Why 0.5? All that goes in at the bottom must pop out at the top!

 

[faen]

Why 0.5? All that goes in at the bottom must pop out at the top!

0.5 is the magnetic field density.. So i was thinking if that is multiplied with the surface area of a circle (bottom of the object in question) then that would be the same amount of flux leaving at the top?

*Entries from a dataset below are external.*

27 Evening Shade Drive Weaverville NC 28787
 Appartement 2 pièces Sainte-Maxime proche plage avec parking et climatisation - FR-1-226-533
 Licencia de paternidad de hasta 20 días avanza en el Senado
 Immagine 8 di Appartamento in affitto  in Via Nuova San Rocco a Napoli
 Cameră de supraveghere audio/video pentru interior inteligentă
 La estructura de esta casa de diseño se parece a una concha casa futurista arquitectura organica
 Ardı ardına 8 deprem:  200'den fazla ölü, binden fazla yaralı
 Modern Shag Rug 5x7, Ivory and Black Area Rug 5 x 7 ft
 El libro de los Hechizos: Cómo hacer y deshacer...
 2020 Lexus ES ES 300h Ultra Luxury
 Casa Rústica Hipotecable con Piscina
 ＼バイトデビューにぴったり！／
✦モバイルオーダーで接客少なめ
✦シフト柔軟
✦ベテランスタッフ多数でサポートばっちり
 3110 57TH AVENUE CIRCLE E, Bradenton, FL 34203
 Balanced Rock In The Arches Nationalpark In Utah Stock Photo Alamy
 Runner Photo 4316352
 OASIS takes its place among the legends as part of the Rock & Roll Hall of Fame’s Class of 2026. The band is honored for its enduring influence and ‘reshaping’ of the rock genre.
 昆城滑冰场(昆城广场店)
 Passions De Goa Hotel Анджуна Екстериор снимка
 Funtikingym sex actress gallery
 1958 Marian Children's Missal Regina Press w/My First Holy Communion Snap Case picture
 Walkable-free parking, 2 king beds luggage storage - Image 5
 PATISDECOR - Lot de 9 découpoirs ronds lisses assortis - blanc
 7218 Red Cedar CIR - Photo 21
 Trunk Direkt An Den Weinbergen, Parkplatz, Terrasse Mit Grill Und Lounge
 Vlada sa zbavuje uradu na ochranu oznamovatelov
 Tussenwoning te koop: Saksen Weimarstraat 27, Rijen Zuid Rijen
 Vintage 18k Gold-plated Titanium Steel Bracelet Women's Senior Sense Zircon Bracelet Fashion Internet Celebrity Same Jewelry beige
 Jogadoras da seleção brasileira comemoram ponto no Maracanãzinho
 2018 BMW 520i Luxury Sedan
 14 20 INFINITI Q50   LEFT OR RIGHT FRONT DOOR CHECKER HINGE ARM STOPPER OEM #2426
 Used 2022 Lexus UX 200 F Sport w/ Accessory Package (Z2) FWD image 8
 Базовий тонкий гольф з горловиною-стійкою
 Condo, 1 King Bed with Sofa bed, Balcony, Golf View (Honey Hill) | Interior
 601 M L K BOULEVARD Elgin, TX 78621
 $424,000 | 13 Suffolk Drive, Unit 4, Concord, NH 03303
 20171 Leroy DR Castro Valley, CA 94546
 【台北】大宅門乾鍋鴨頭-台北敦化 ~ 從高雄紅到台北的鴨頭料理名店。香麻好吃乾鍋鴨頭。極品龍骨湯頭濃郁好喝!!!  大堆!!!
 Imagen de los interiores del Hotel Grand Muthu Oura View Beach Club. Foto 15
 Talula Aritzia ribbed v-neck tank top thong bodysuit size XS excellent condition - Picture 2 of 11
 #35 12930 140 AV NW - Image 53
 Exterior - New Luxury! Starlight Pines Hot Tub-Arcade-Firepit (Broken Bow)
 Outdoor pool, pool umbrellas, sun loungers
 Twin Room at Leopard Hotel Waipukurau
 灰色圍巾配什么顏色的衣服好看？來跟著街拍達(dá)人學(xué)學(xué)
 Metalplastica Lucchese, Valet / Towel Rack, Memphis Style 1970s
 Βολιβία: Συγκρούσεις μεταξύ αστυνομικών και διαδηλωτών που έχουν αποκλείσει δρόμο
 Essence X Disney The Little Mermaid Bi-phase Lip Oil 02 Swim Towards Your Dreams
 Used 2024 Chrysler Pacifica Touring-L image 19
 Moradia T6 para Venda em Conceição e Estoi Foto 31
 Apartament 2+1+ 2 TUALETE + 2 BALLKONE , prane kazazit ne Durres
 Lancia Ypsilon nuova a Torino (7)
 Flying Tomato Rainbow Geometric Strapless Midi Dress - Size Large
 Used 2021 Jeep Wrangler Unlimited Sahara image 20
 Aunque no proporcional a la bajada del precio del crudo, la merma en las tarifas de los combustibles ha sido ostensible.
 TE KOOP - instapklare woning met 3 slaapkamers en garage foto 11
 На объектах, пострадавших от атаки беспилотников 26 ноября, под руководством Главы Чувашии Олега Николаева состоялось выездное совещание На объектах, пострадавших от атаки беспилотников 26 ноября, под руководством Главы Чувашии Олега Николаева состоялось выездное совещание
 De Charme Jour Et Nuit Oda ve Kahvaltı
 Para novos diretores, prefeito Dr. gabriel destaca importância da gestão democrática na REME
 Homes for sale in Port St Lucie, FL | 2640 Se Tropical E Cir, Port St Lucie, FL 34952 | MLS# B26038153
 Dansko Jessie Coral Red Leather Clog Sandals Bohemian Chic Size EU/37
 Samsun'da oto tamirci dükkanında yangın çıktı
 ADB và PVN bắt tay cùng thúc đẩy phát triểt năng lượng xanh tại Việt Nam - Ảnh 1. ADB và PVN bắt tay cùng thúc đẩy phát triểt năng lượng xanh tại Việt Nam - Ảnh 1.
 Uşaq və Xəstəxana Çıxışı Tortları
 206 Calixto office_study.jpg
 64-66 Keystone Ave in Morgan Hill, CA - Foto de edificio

I still didn't get the right answer, it's supposed to be 0, 6283 mVs

and I calculated it to be 0.5*4*pi*0.02^2 = 0.025

I'm not supposed to turn a surface integral into a volume integral (gauss theorem) or am I?

 

[tiny-tim]

hi faen!

(just got up :zzz:)

0.5 is the magnetic field density.. So i was thinking if that is multiplied with the surface area of a circle (bottom of the object in question) then that would be the same amount of flux leaving at the top?

correct!

the divergence is zero, so you can choose any surface with the same boundary

I calculated it to be 0.5*4*pi*0.02^2 = 0.025

uhh? check your calculator

(and where does the 4 come from?)

 

[faen]

hi faen!

(just got up :zzz:)


correct!

the divergence is zero, so you can choose any surface with the same boundary



uhh? check your calculator

(and where does the 4 come from?)

I got it! Thanks a lot! I checked again the formula for circle and it was $\pi$r².. So removing the 4 gave the right answer :)

 

[rude man]

Why 0.5? All that goes in at the bottom must pop out at the top!

OK, I get confused with the European way of writing the decimal point ... yes, the answer is B*A where A is the area of the flat bottom of the hemisphere.